Le « rockisattva » existe-t-il ?
Depuis la fin des années 60, certains rockeurs ont créé des passerelles en multipliant les grands écarts. Ainsi, Marianna Faithfull, les Doors, Leonard Cohen (cf. encadré), Sting ou Rivers Cuomo, le chanteur du groupe californien Weezer, se posent sur le coussin de méditation pour se ressourcer entre deux tournées éreintantes. Bob Dylan et Allen Ginsberg ont enregistré la chanson « Do The Meditation Rock » (une ode à Samatha-Chiné et Vipassana-Lhagtong), écrite par le prophète de la contre-culture américaine après une séance de méditation particulièrement intensive auprès de son maître, Chögyam Trungpa Rinpoché, fondateur de la lignée Shambhala. Mais, à l’image des deux stars, les « rockisattvas » confondent généralement transcendance et psychédélisme, la Voie du Dharma et les portes de la perception. Pas simple de déchiffrer des soutras quand on ne lit que des tablatures.
« Être bouddhiste au XXIe siècle, c’est d’abord être un rebelle. » Dzogchen Ponlop Rinpoché
En Asie, des bouddhistes ont, eux aussi, tenté ce rapprochement, tel le moine Zen et DJ japonais Gyosen Asakura, qui entend « remettre le bouddhisme au goût du jour » en organisant des prêches sur fond de rock, de musique électronique et de jeux de lumière dans son temple de Cho-onji, à Fukui. Son compatriote, le moine et guitariste de rock Yoshinobu Fujioka, tenant du bouddhisme de la Terre pure, est un fondu de Bob Dylan et du rock des années 60. Entre deux « gigs » (les concerts dans le jargon musical), le moine passe derrière le zinc de son propre bistrot, The Vowz Bar, à Tokyo, pour chanter les louanges du bouddhisme version rock.
Plus sobre, le célèbre maître tibétain Dzogchen Ponlop Rinpoché, lui aussi fan de rock, rappelait dans le magazine Le Point en 2012, « qu’être bouddhiste au XXIe siècle, c’est d’abord être un rebelle.
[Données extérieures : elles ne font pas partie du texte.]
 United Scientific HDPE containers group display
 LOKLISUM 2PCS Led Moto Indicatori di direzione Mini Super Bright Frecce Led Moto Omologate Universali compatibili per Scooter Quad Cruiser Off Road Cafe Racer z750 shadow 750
Cela implique de prendre le risque de mieux se connaître, de laisser tomber les masques sociaux qui nous déterminent et nous spécifient. » Tomber les masques en remisant le cuir : en 2010, le réalisateur Japonais Naoki Katô prenait d’assaut la scène rock avec son film Aburakurasu no matsuri, qui raconte l’histoire d’un ancien rockeur devenu moine bouddhiste. En choisissant de troquer le perfecto noir contre le kesa safran, il sera sauvé par le gong. Comme semble l’illustrer le réalisateur nippon, il faut choisir entre brûler la chandelle ou de l’encens.